Pesquisa Atlas/Bloomberg divulgada nesta terça-feira (19) aponta que 95,6% dos brasileiros afirmam ter tomado conhecimento dos áudios e mensagens envolvendo o senador Flávio Bolsonaro (PL-RJ) e o ex-banqueiro Daniel Vorcaro. Entre os entrevistados, 51,7% avaliam que o parlamentar estaria diretamente relacionado ao esquema investigado envolvendo o Banco Master.

Por outro lado, 33,3% entendem que as conversas representam apenas uma tentativa legítima de obtenção de recursos para financiar o filme Dark Horse, cinebiografia inspirada na trajetória do ex-presidente Jair Bolsonaro (PL). Outros 12,1% consideram que as mensagens demonstram proximidade entre os dois, mas sem indícios suficientes de ilegalidade.

Este é o primeiro levantamento nacional realizado após a divulgação, na última quarta-feira (13), de documentos, mensagens e áudios publicados pelo Intercept Brasil, nos quais Flávio aparece negociando um possível aporte de R$ 134 milhões para o projeto audiovisual.

A pesquisa também mediu a percepção sobre quais grupos políticos estariam mais associados ao caso Master. Para 43,3% dos entrevistados, aliados de Bolsonaro aparecem como os mais envolvidos; 32,8% apontam aliados do presidente Luiz Inácio Lula da Silva (PT), enquanto 7,1% atribuem maior participação ao Centrão. Outros 16,1% afirmam que todos os grupos estão igualmente implicados.

Sobre a divulgação das mensagens, 54,9% consideram que se tratam de evidências obtidas dentro de uma investigação legítima. Já 33% entendem que houve tentativa de prejudicar politicamente Flávio Bolsonaro. Outros 9,7% acreditam que as duas interpretações têm peso semelhante, enquanto 2,5% não souberam responder.

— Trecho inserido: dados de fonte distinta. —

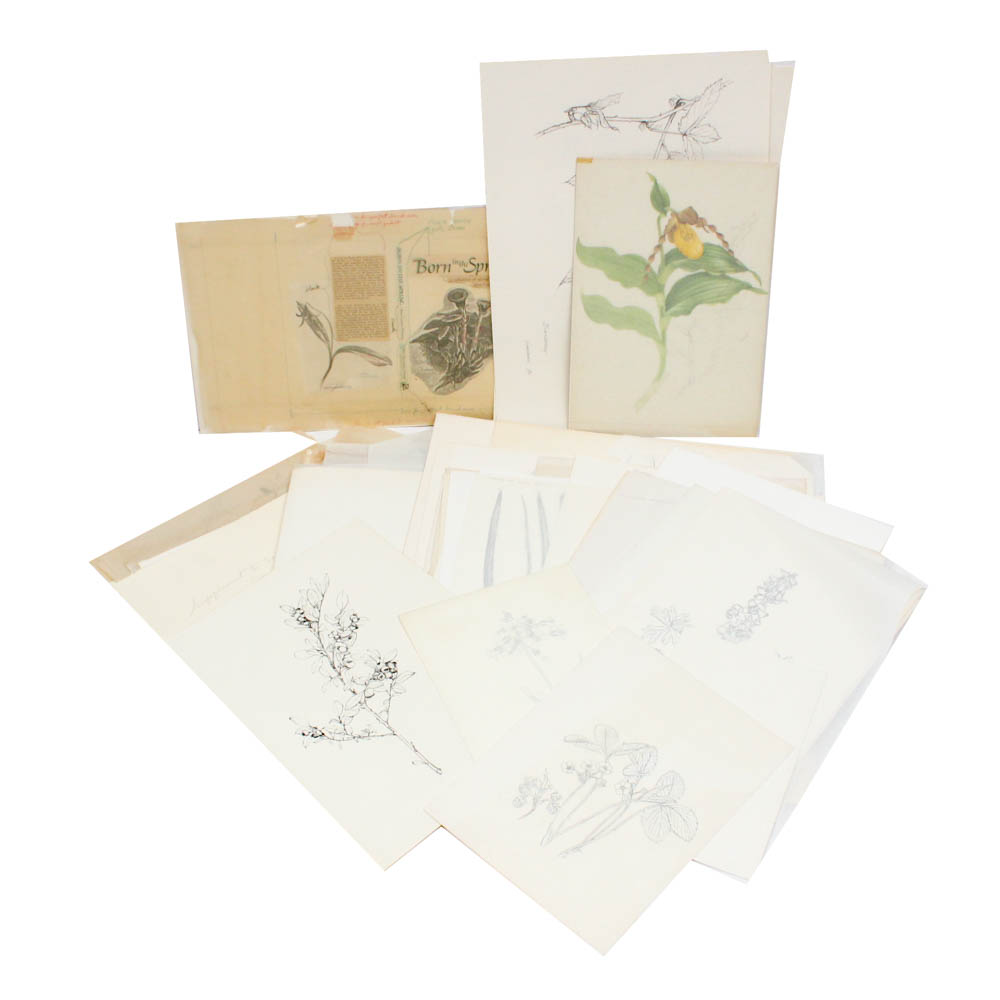 June Carver Roberts Archive of Works Featuring "Born in the Spring" Studies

O impacto eleitoral também foi medido. Para 45,1%, o episódio enfraqueceu significativamente a candidatura presidencial do senador. Outros 19% avaliam que houve desgaste moderado; 15% entendem que não houve impacto; e 13,4% acreditam que o caso fortaleceu a pré-campanha. O percentual de indecisos ficou em 7,3%.

Na disposição de voto, 47,1% afirmaram que já não votariam em Flávio independentemente do episódio. Outros 9,4% disseram estar “muito menos dispostos” a apoiá-lo e 3,6% afirmaram estar “menos dispostos”. Já 21% disseram que as revelações não alteraram sua posição. Em sentido oposto, 13,7% declararam estar “muito mais dispostos” a votar no senador após o caso, enquanto 5,1% afirmaram estar “mais dispostos”.

O levantamento ouviu 5.032 pessoas entre os dias 13 e 18 de maio, por meio do sistema Atlas RDR de recrutamento digital aleatório. A margem de erro é de um ponto percentual para mais ou para menos, com nível de confiança de 95%. A pesquisa está registrada no Tribunal Superior Eleitoral (TSE) sob o protocolo BR-06939/2026.